• ACTIVITY: Reproduce, character for character, the lines below from the first through the one with "4. Keep your". Leave pictures out.

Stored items
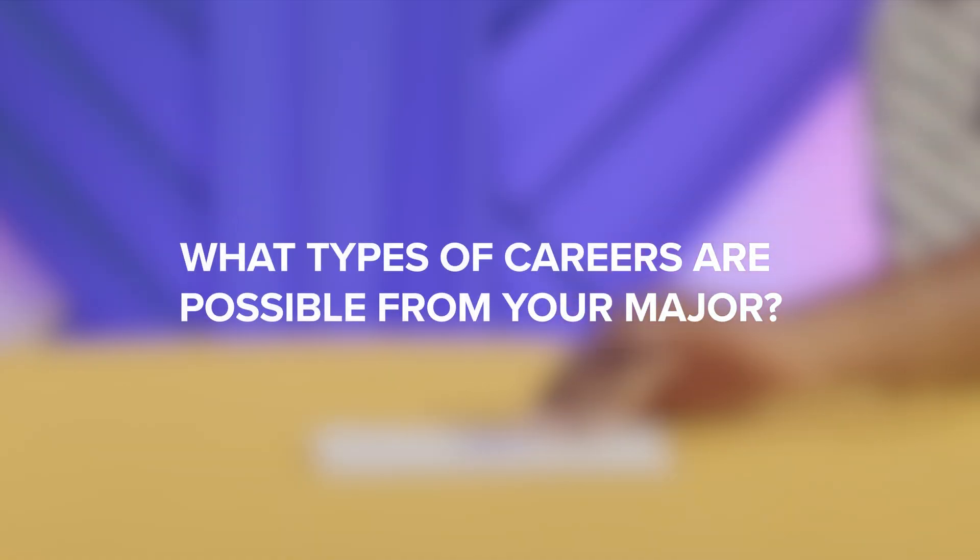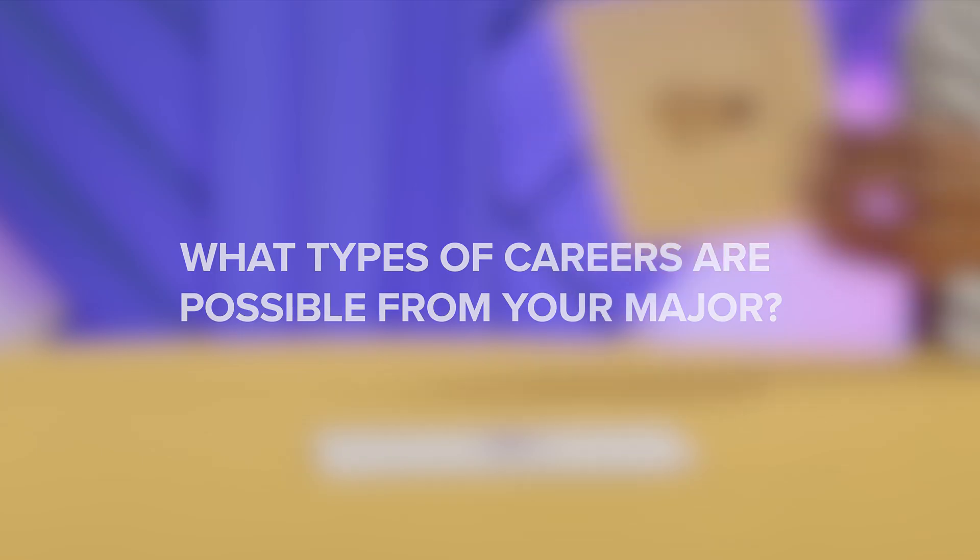What types of careers are possible from your major? When people hear statistics, the first thing that comes to their mind is statistician, right? But it's not the only field. I personally entered this field to be a data analyst. There's also business analyst, market intelligence analyst — basically any type of analyst. But you're more on the financial side, right?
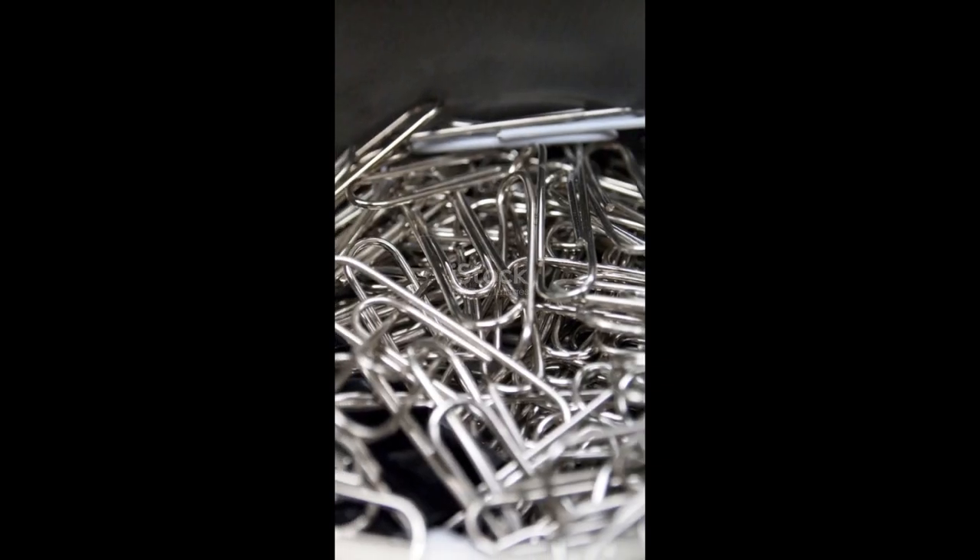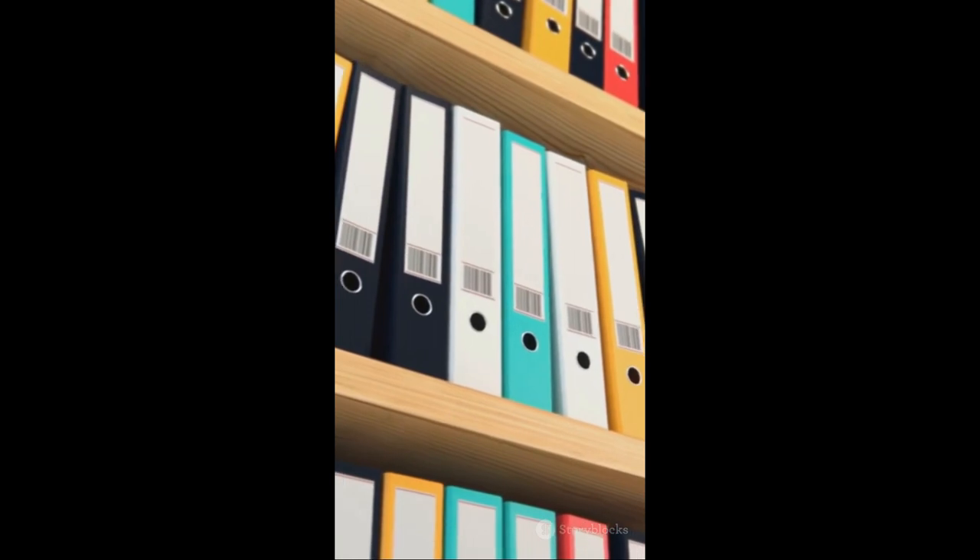4. Keep your cables organized with binder clips. Just clip them to the edge of your desk.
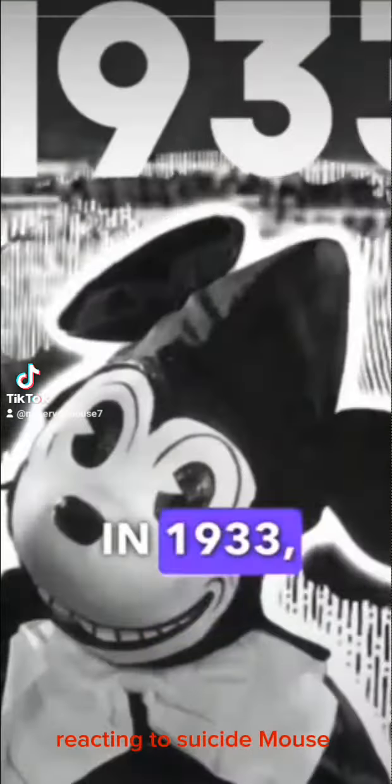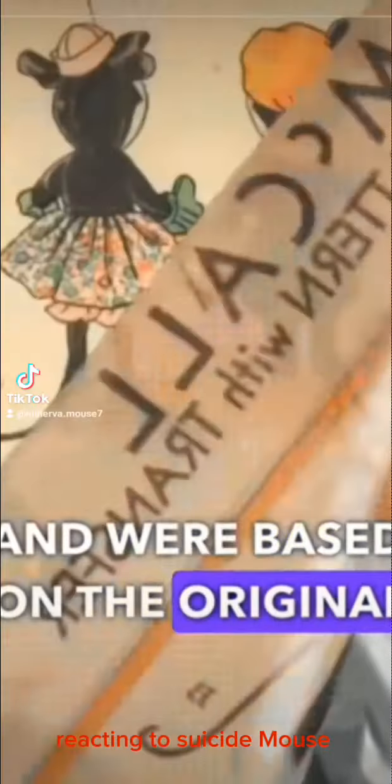This is another creepy Mickey costume, but this one wasn't created by Disney, and no one knows exactly where it came from. The McCall Pattern Company issued the patterns for a child's fancy dress costume for Halloween. These costumes were made for children and adults alike and were based on the original Charlotte Clark mini dolls, but they honestly look like they were based on our nightmares.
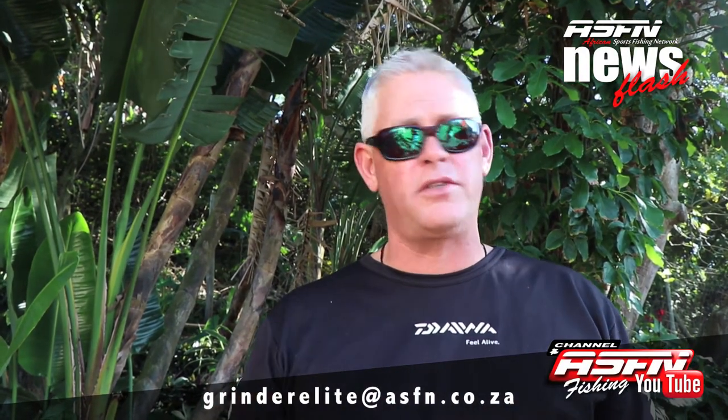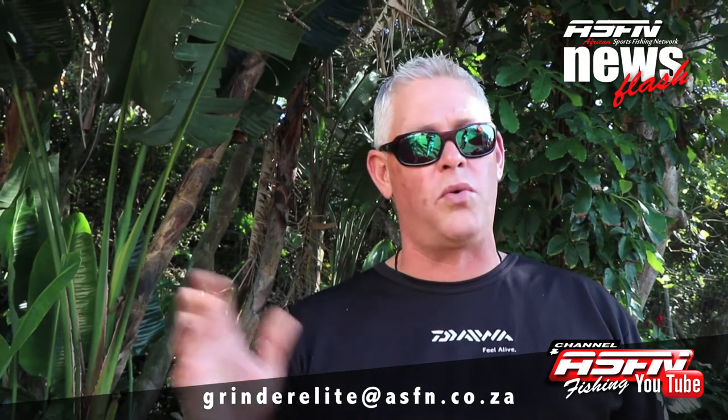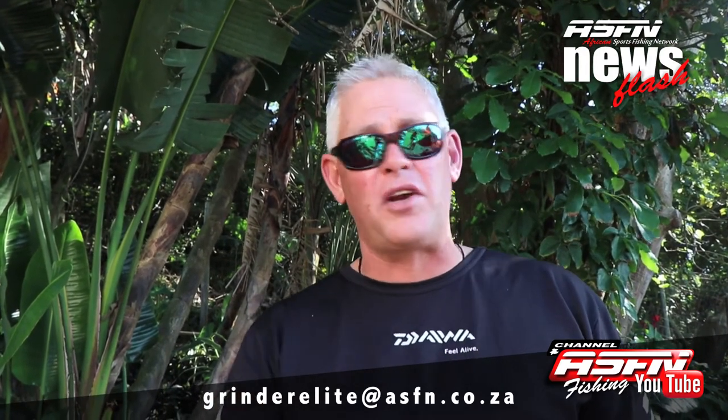Remember, everyone can send in their catches to grindelite at asfn.co.za — photos and videos taken with your cell phone are all welcome. We want to thank everybody for sending in their catches on a weekly basis. Please remember to subscribe so you can get updates on everything. Our aim is to bring you as much informative content as possible to help you get results on a weekly basis.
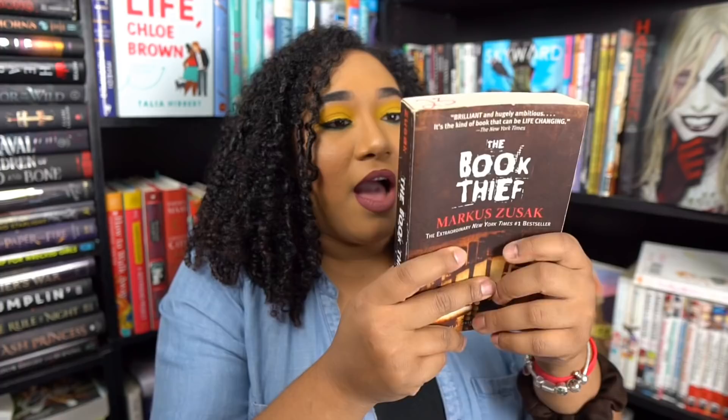Book four is The Book Thief by Markus Zusak — we got a classic y'all! I have a list of classics I want to get to but never have. This is a historical fiction set in Nazi Germany. It follows a girl named Liesel, and her family is hiding a very dark secret — they're hiding a Jewish person in the basement, which is extremely dangerous for all of them.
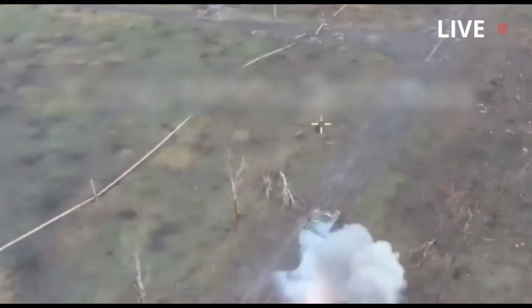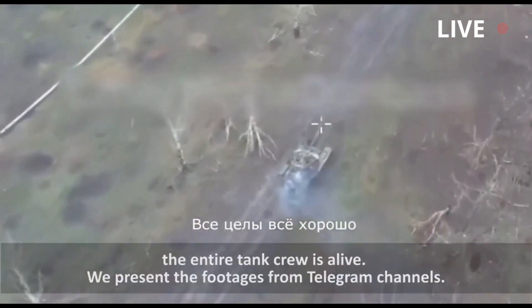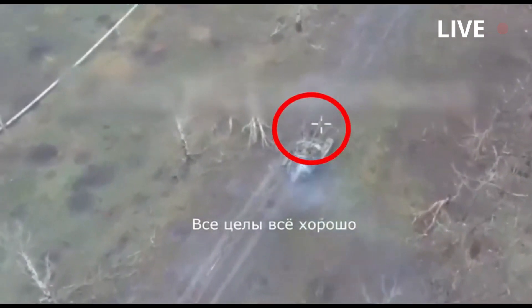The Russian tank crew managed to survive. They opened the hatch and abandoned their burning tank, probably to avoid the explosion that might come from the ammunition inside. This video was published by the Ukrainian forces on their official Telegram channel.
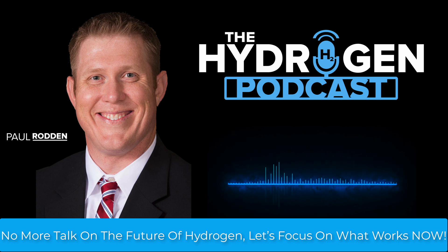SMR reacts methane with steam at 700 to 1,000 degrees Celsius over a nickel catalyst, producing 3 to 4 kilograms of hydrogen per kilogram of methane, with an efficiency rate of 65 to 75%. Without CCS, SMR emits 9 to 11 kilograms of CO2 per kilogram of hydrogen. But modern CCS systems capture 90 to 95% of emissions, reducing carbon intensity to 1 to 2 kilograms of CO2 per kilogram of hydrogen — well below the EU's low-carbon threshold of 3.4 kilograms of CO2 per kilogram of hydrogen.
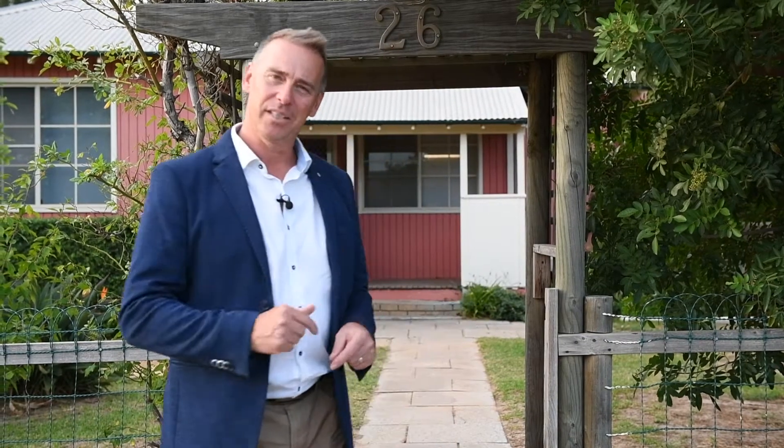Hey guys, John Kenny Levick, Century 21 Mander. I've got a wonderful cute cottage here in North Dandelup, 26 South Street. Sits on 1,214 square metres of land. It is cute as a button. Go through and have a look, I'll see you inside.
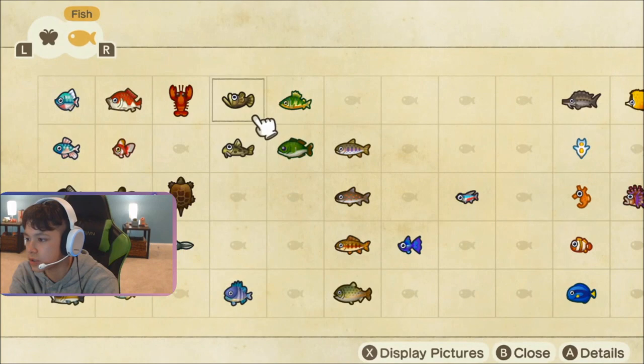The surging fish is a nice blue fish. I'd say that looks a lot like Dory.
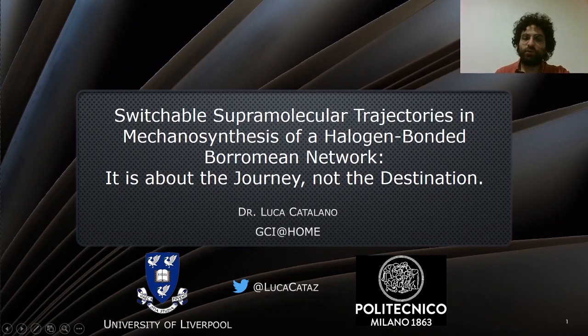Let me start by thanking the organizers. It's a real pleasure to be part of this online event. Today I'm going to talk about switchable supramolecular trajectories in mechanical synthesis of a halogen-bonded Borromean network. It is about the journey and not the destination.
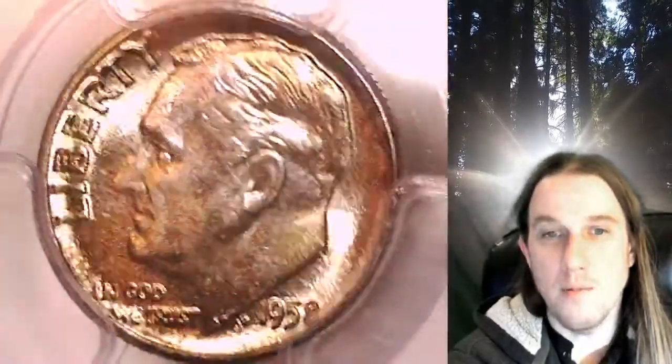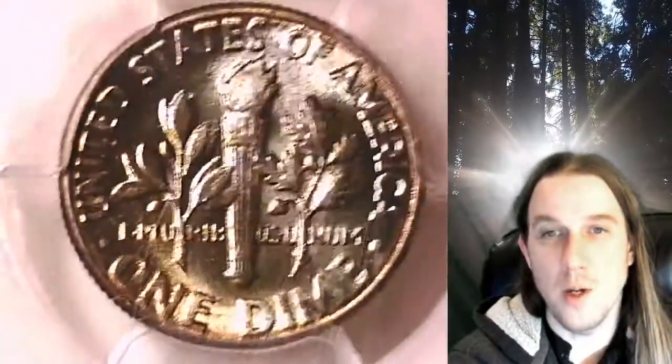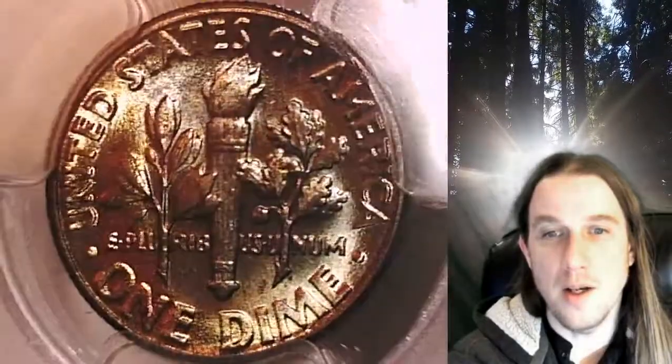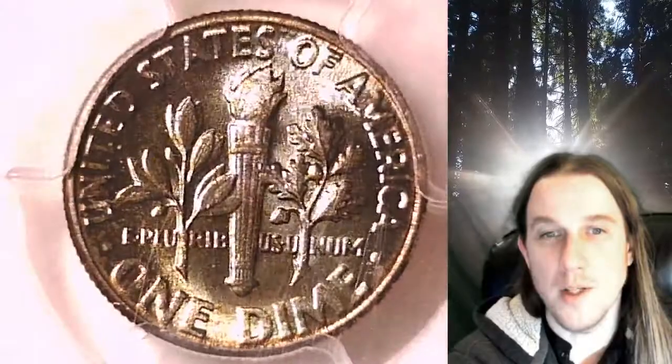This dime is going to go up for sale on my eBay store. You can find a link in the description below the video. It'll take you to this exact coin on eBay. Once there, you can also find over 5,000 PCGS graded coins for sale in my eBay store.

• REPLY TO THE TASK:
What types of careers are possible from your major? When people hear statistics, the first thing that comes to their mind is statistician, right? But it's not the only field. I personally entered this field to be a data analyst. There's also business analyst, market intelligence analyst — basically any type of analyst. But you're more on the financial side, right?
4. Keep your cables organized with binder clips. Just clip them to the edge of your desk.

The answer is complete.